遺体の火葬・埋葬
出典: フリー百科事典『ウィキペディア(Wikipedia)』 (2022/05/31 22:23 UTC 版)
「日本における地震対策と体制」の記事における「遺体の火葬・埋葬」の解説
南海トラフ巨大地震や首都圏直下地震では数十万人の死者が予想されており、国や地方公共団体には、遺体の保管体制や仮安置所の確保、遺体の運搬体制の確保、火葬に必要な物資の確保、さらに火葬場の耐震化や津波対策が求められている。阪神・淡路大震災では、死因の約90%が家屋倒壊であり自宅で亡くなった人が多かったため、遺体の身元確認が容易であったという。
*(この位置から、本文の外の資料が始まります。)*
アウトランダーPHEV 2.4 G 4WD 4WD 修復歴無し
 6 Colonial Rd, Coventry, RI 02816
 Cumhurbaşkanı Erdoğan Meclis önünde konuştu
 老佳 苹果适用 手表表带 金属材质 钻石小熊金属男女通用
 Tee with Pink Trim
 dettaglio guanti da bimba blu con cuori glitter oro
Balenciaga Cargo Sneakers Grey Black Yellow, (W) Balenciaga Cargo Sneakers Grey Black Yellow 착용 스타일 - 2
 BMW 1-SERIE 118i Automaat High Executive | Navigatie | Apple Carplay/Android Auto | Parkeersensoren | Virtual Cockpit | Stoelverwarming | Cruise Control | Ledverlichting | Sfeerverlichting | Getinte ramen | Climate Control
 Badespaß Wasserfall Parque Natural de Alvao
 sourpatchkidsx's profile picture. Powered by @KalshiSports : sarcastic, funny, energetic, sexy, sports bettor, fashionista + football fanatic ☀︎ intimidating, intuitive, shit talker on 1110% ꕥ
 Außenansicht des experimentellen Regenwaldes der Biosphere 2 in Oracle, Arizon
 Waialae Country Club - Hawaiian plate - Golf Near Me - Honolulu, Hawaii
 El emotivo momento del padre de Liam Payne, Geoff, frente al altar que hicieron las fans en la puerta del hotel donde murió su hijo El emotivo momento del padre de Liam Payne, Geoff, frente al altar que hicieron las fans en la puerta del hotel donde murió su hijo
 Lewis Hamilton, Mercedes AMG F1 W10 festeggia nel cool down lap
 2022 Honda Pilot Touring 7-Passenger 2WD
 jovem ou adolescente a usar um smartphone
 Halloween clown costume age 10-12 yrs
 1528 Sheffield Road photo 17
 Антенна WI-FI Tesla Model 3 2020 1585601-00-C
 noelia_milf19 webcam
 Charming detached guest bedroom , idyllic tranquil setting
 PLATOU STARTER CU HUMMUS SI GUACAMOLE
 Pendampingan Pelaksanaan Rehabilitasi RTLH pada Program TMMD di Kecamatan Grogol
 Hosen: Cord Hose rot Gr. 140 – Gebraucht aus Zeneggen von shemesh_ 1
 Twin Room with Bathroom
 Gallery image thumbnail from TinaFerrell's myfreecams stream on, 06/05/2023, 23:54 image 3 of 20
また震災のあった地域には多数の火葬場が整備されており、その多くが地震の被害を免れて稼働することができ、1月という低温の時期であったため遺体の保存が1-2週間は可能であり、国や自治体も積極的に支援したため、6千以上の遺体の火葬・埋葬は、3週間ほどかかったものの概ね順調に進めることができたという。しかし、首都圏直下地震や南海トラフ巨大地震の場合は被災地域が超広範囲であり、火葬場の稼働状況や気象条件によっては火葬・埋葬や遺体の保存が非常に難しくなることが予想されている。多くの火葬場は燃料に灯油を用いているが、2012年現在東京都内にある24か所の火葬場のうち10か所は燃料に都市ガスを用い、その10か所で都内の1日の最大火葬数の80%をまかなっている。都市ガスは大地震後の復旧に時間がかかることからプロパンガスに切り替えるなど、ライフラインの途絶への対応が必要だとの指摘がある。発災が外気温の高い時期であれば遺体は早急に傷んでしまい、身元確認に支障を来すほか防疫上の問題も生じるため、遺体保存に必要なドライアイスを調達し各安置所に適正に配布するための体制を確立しておく必要性も指摘されている。特に津波で亡くなった遺体はひどく傷んでいるため、遺体の身元確認にあたっては歯科医師も含めて多くの医師を全国から集める必要があるが、同時に、遺体の対応にあたる人々の心のケアを行うカウンセラーの派遣も事前に考慮しておく必要がある。遺体を集中的に安置し遺族による確認を容易にする体制や検死と身元確認を的確に実施し速やかに遺族に引き渡せるような体制を整えることが求められている。さらに、自治体によっては大規模災害時の応援協定を葬祭関係の団体との間で締結している。全国霊柩自動車協会とは多数の遺体を緊急輸送する協定、全日本葬祭業協同組合連合会や全日本冠婚葬祭互助協会とは棺などの葬祭用品の供給協力の協定を締結するなどの事例がある。